Los oscuros ojos del elfo parpadearon; su expresión se suavizó.

—Tu invitado es bienvenido a la Torre, señora. Con vistas a hacer cómoda su estancia, sería de gran ayuda saber algo sobre esa persona... ¿él o ella? ¿Un nombre, tal vez?

—Gracias, hechicero —fue cuanto dijo Mina antes de dar media vuelta.

—¿Cuándo llegará tu invitado? —insistió Dalamar—. ¿Cómo sabré que es la persona que esperas?

—Lo sabrás —contestó, escueta, Mina—. Nos vamos, Galdar.

El minotauro ya había cruzado la estancia y extendía la mano hacia el picaporte de la puerta.

—Hay un favor que podrías hacerme a cambio, señora —dijo suavemente el elfo.
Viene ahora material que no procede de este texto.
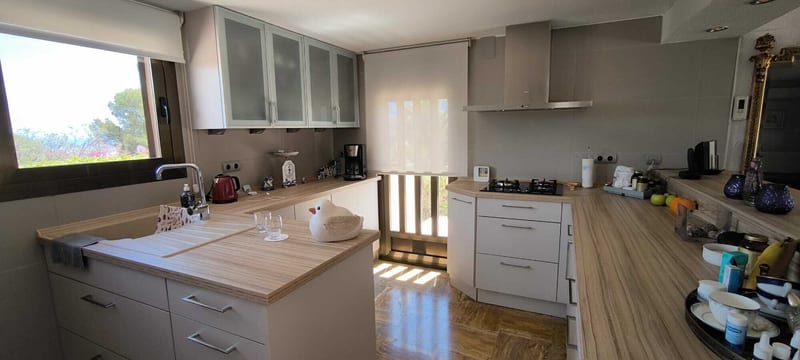 Open photo Listing photo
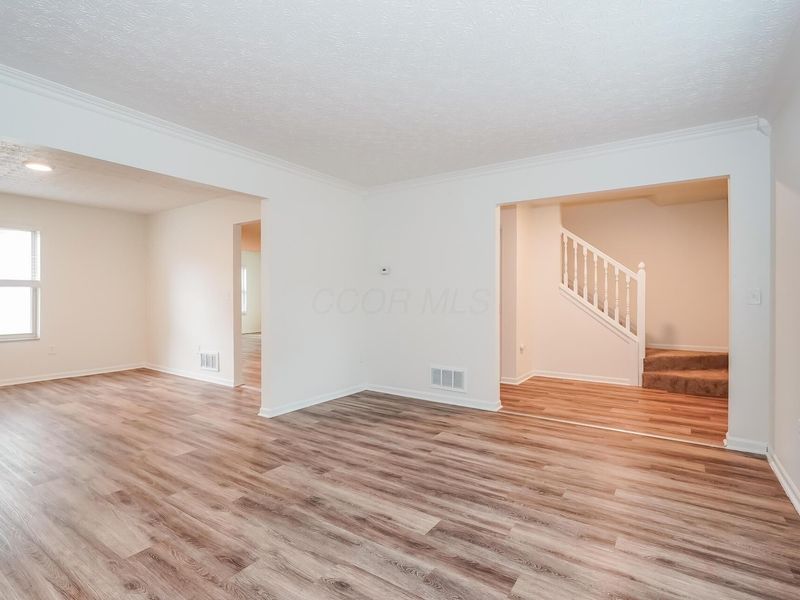 1915 Berwick Court , Delaware, OH 43015 Photo 9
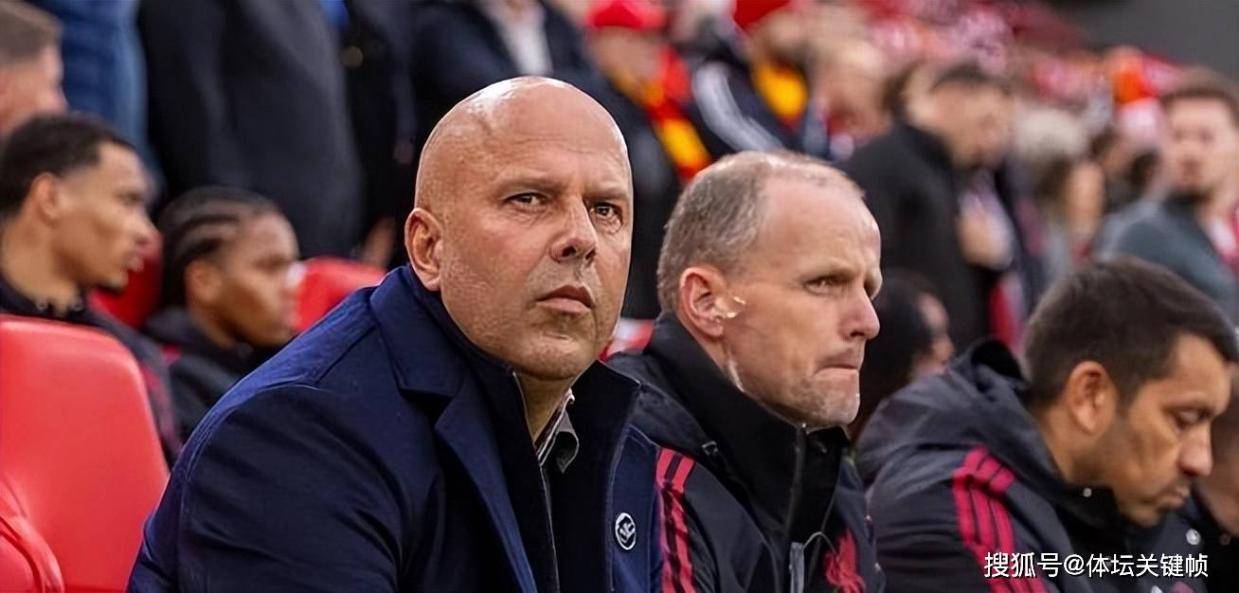 利物浦欧冠失利陷欲变阵!萨拉赫重回首发,斯洛特拿富勒姆止颓势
—¿Cuál, hechicero? —inquirió la joven, que había vuelto la cabeza hacia él.

—Un kender, al que estaba utilizando en un experimento importante, ha escapado —explicó Dalamar con tono despreocupado, como si el kender fuese un ratón enjaulado cuya ausencia se descubre en una comprobación rutinaria—. Su pérdida no tiene importancia para mí, pero sí la tiene el experimento. Me gustaría recuperarlo, y se me ocurre que quizá, durante tu marcha con un ejército a través de Foscaterra, podrías topar con él. Si así ocurriese, agradecería mucho que me lo entregaras. Dice llamarse Tasslehoff, como tantos de su raza hoy en día —añadió con una sonrisa encantadora y trivial.

—¡Tasslehoff! —El interés de Mina se había despertado de pronto; una arruga se marcaba en su frente—. ¿El Tasslehoff que llevaba consigo el ingenio para viajar en el tiempo? ¿Lo has tenido aquí? ¿Has tenido en tu poder al kender y el ingenio, y has dejado que se te escape?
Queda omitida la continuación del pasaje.